Sounds like where I live. I wish I could move, too.


----------



## MyTimeIsJustAboutUp (Nov 16, 2017)

It's a so called "close knit" community of mostly Italians, with MANY who are related to each other either by blood or marriage. The rest are all people who've known each other for their entire lives. If you're in any way an outsider, even if you've lived in the community for your entire life, you are shunned. Or if you raise an objection (i.e. a neighbors contracter dumping unknown substances into your garden), you don't just have a problem with the offending neighbor. The neighbor runs to other neighbors (rallies the troupes) and they all attack. It's impossible to win. I'm stuck here. And every day, I'm feeling more and more cornered. It's not going to end well for me. Unless I just leave all of my possessions behind and walk out one day. Then they get to pick the bones.
_Posted via Mobile Device_


----------



## MyTimeIsJustAboutUp (Nov 16, 2017)

My Tranxene is not putting me to sleep tonight. I'm approaching 30 mg and have been taking it since 12:30 a.m. EST. It's 5 a.m. now. And I don't even feel tired. I don't understand. My body is currently in a state where I don't think it's physiologically possible for me to feel any anxiety or panic about loss of sleep - but I'm not dozing off. I've never gone as high as 30 mg in a single night. I just don't understand. And get this - I took no drugs at all the previous night and slept 8 to 9 hours. Now I'm drugged to the hilt and I'm nowhere near sleep. My mind is wide awake. I never had these problems prior to two and a half years ago. Now I'm headed the way of all of the celebrities who've died of sedative overdoses - it seems. This is how nuts my thinking becomes when I've lost sleep. Thank Christ it's still only Friday. There's a miniscule chance that my shrink will return my call in a few hours once I call him at 6 a.m. And then I'll plead for Ambien; which for some reason unknown to me, never ever seems to fail. You'd think a benzodiazepine like Tranxene would work better and more reliably than Ambien - but for whatever reason - it's not tonight. I know Ambien will work. Someone who really feels compassion for me - please say a prayer to the Universe that I either fall asleep before 6 or 7 a.m. - or that I get Ambien sometime today from my shrink.


----------



## naes (Nov 1, 2013)

lol the borg. Welcome to SAS fellow Star Trek fan haha.


----------



## MyTimeIsJustAboutUp (Nov 16, 2017)

naes said:


> lol the borg. Welcome to SAS fellow Star Trek fan haha.

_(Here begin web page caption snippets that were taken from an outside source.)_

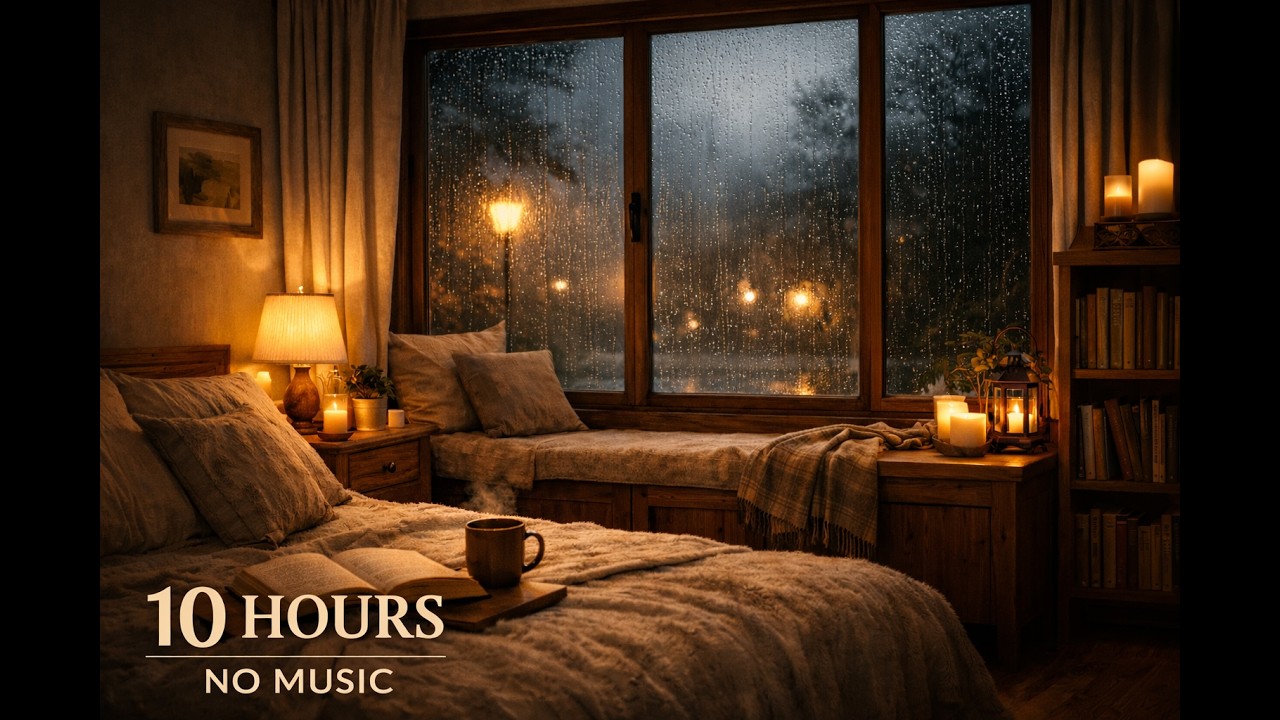 Cozy Rain on Window at Night 🌧️ Fireplace Room Ambience for Sleep, Relax & Anxiety Relief (10 Hours)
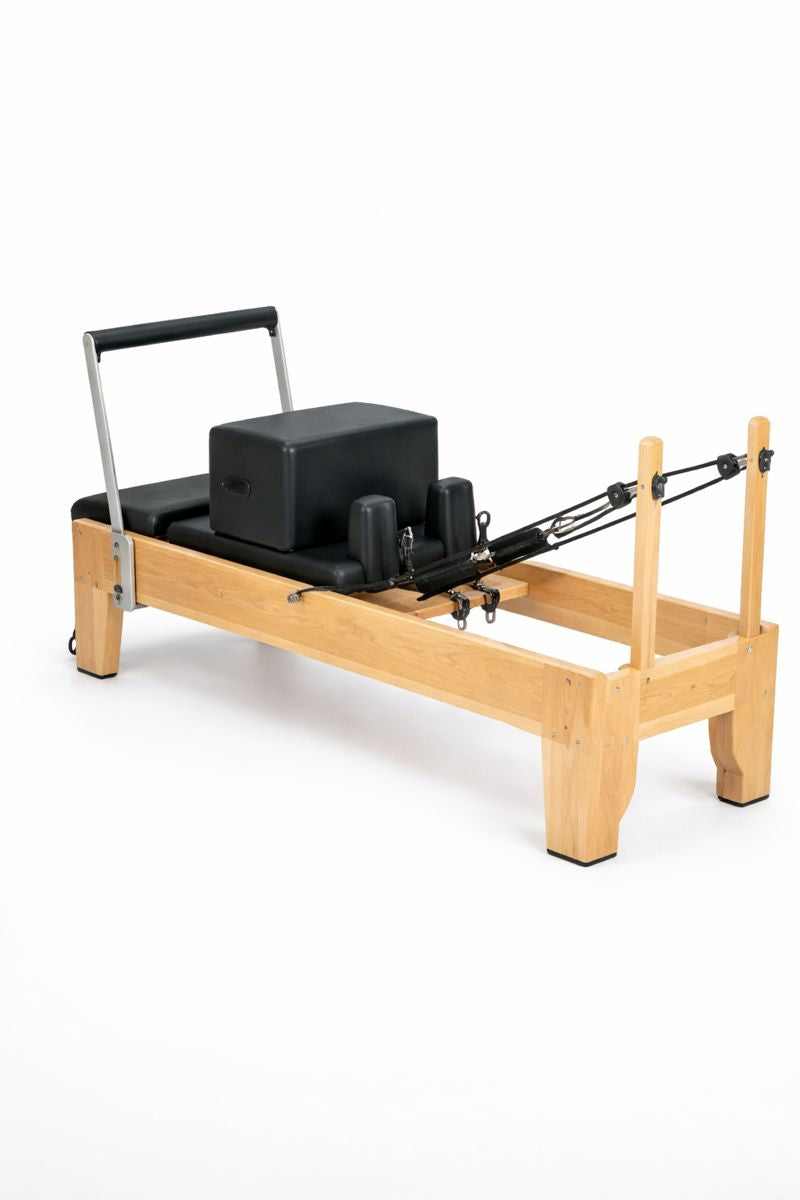 Eiken Pilates Reformer Zwart – Studio-kwaliteit voor professioneel gebruik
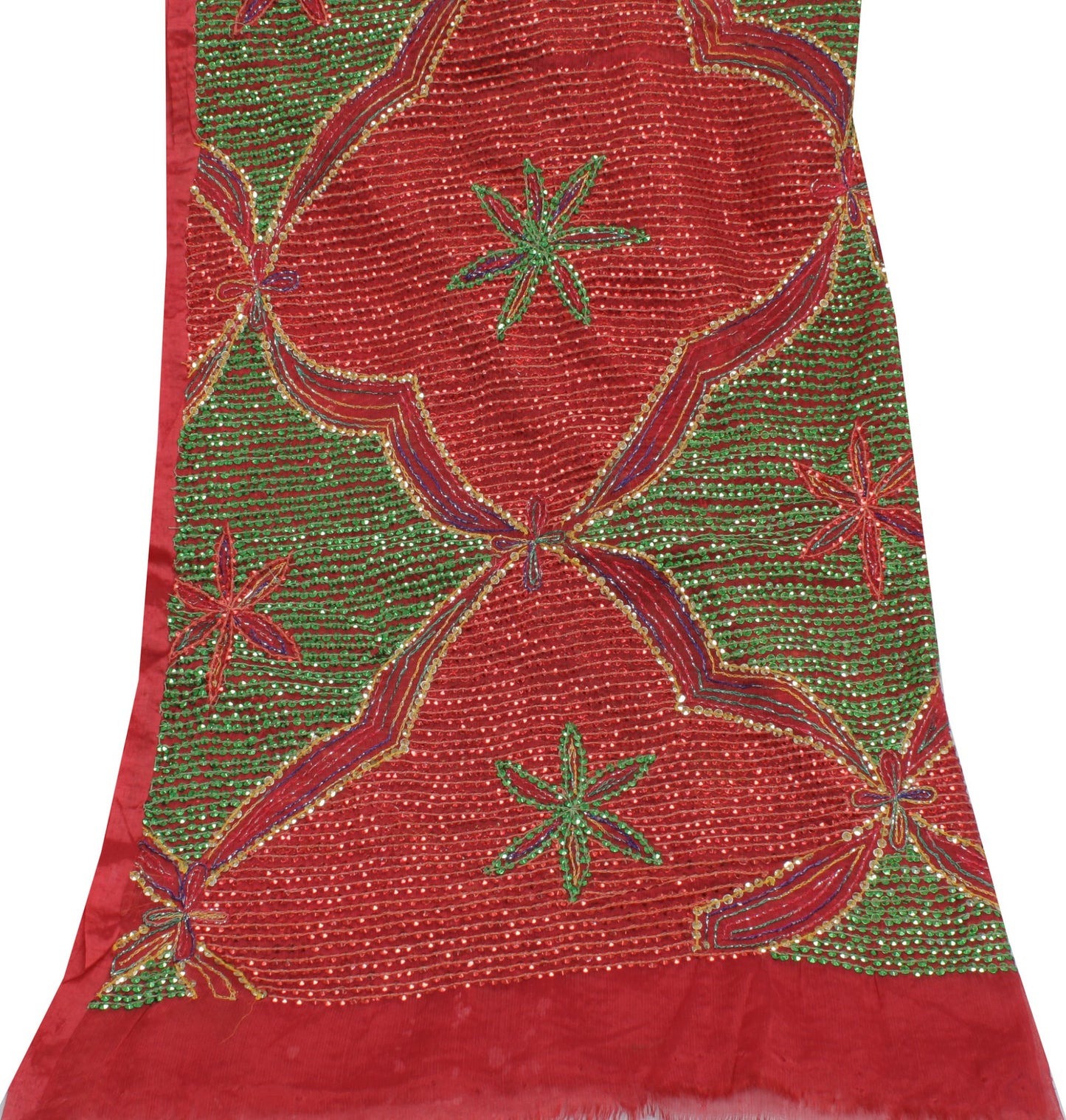 Sushila Vintage Red Dupatta Blend Chiffon Silk Sequins Embroidered Long Stole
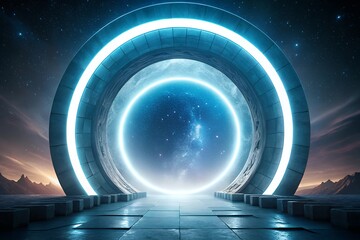 Obraz premium Glowing futuristic portal to the cosmos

It's a shame that my pain should be a source of amusement to people. But I suppose that's why most are here in the first place. And why I left two years ago.

I'm not a Star Trek fan, btw. I'm just aware of some parts of the series. Specifically, the Borg. Because they're so similar to the residents of the property I live on - you're either assimilated and you do what you're told - or they try everything in their power to expel you.


----------



## naes (Nov 1, 2013)

MyTimeIsJustAboutUp said:


> It's a shame that my pain should be a source of amusement to people. But I suppose that's why most are here in the first place. And why I left two years ago.
> 
> I'm not a Star Trek fan, btw. I'm just aware of some parts of the series. Specifically, the Borg. Because they're so similar to the residents of the property I live on - you're either assimilated and you do what you're told - or they try everything in their power to expel you.


Uh...? It wasn't a source of amusement? I was just making a general comment. You know what, never-mind.


----------



## discoveryother (Sep 18, 2016)

why are you stuck there? just move elsewhere mate


----------



## Jason Aibot (Aug 25, 2017)

Many Italians tend to organize themselves in groups (your "Borg"), due to the nature of how we Immigrated to the United States in the early-to-mid 1900's. Oftentimes, we needed a sponsor (usually a more established Italian), then once we built up wealth, we'd sponsor other Italians. These groups because enclaves known as "little Italies". However, with the rise of suburbanation, these little Italies have sprung up in many (usually older) suburbs.

If you have mostly old Italian neighbors (like in their 60's+), try learning their regional dialect and a bit about their culture. Most Italians (myself included), like it when people learn a bit about us. Ask them to teach you how to make a dish, and then once you have a good repertoire with them, then you can discuss your concerns. Many Italians tend to feel that a non-Italian neighbor coming and voicing their concerns about the Italian family's behavior is an attack on their Italianness (i.e., why your "borgs" "rally the troops), so if you can take that fear away they suddenly become more rational.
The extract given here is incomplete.